As you did last fall, distancing EMU from these actions ignores that this is exactly who we are. This is an extension, part of the broader context that we have sponsored at this institution through our inability to respond to student voices, to speak back to hate, to fail to acknowledge our white supremacist culture. We might pretend that this is not us, but this only serves to turn a blind eye, to not act, to allow future acts to continue.

EMU is not separable from these acts of hate—we are these acts. Each of us carry the experience of these acts of hate. Those of us who choose to pretend that these acts are not us can only do so because we are privileged enough to do so—to ignore how this document impacts every one of us and affects us disproportionately across differences, communities, and identities. What actions will you take? Or must our students march every day reminding us that “EMU’s President is Racist” before action will be taken again—as you did last fall?

“They are not us.” Who or what is not us? Those who would commit those acts of hatred? The acts themselves? Those acts that happened within Halle Library, on the side of King Hall, Wise Hall? Those messages that are heard and felt by our students, faculty, and staff?

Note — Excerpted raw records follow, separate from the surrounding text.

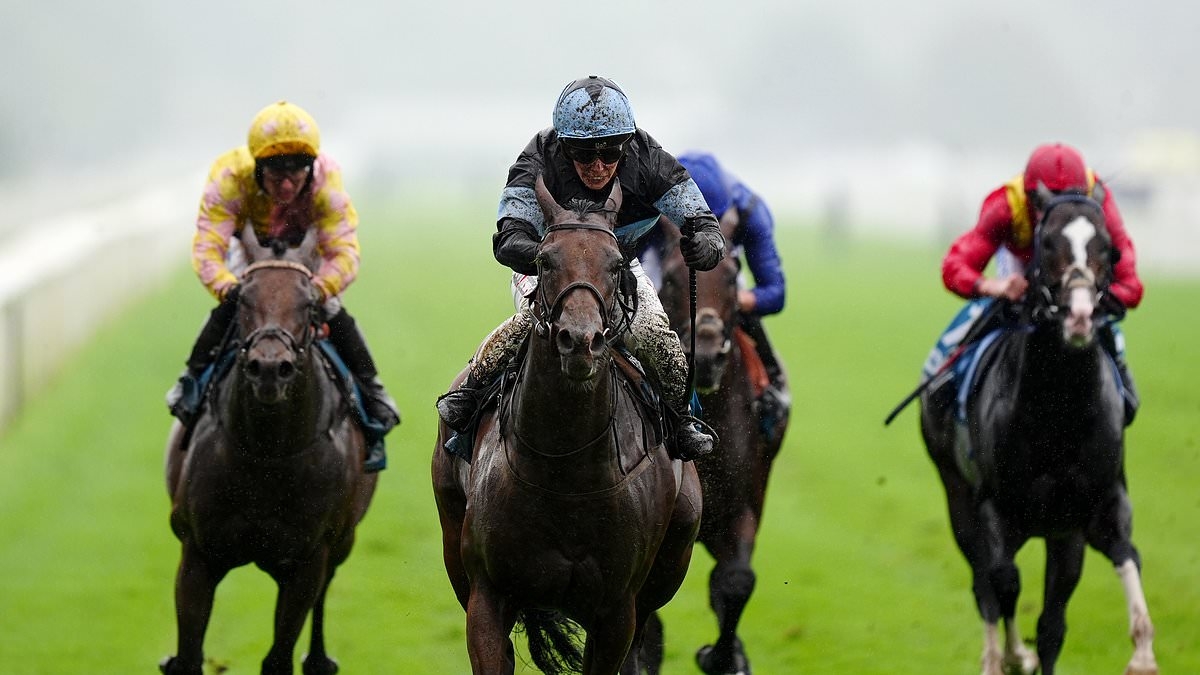 Robin Goodfellow's racing tips: Best bets for Thursday, May 22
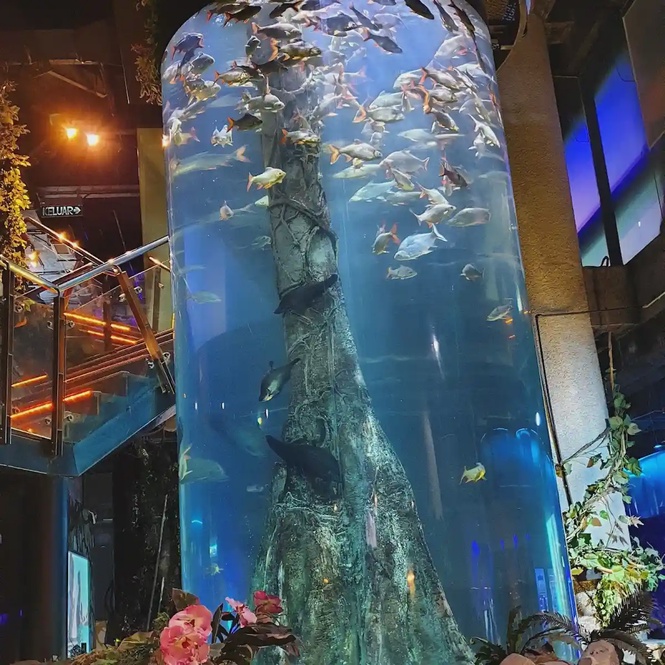 Aquaria KLCC oceanarium underwater tunnel Kuala Lumpur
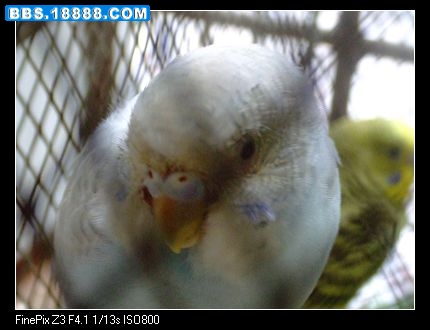 nEO_IMG_照片 191.jpg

It may be uncomfortable to admit your complicity—but being a university administrator, working within a university, being a responsible human is not comfortable. It involves understanding your values that are given both explicitly and implicitly. It involves being honest about what you have allowed to happen, and what you have not. It involves acknowledging the privilege you have to make these decisions.

So I will stand together with you, President Smith, but will we do more than stand?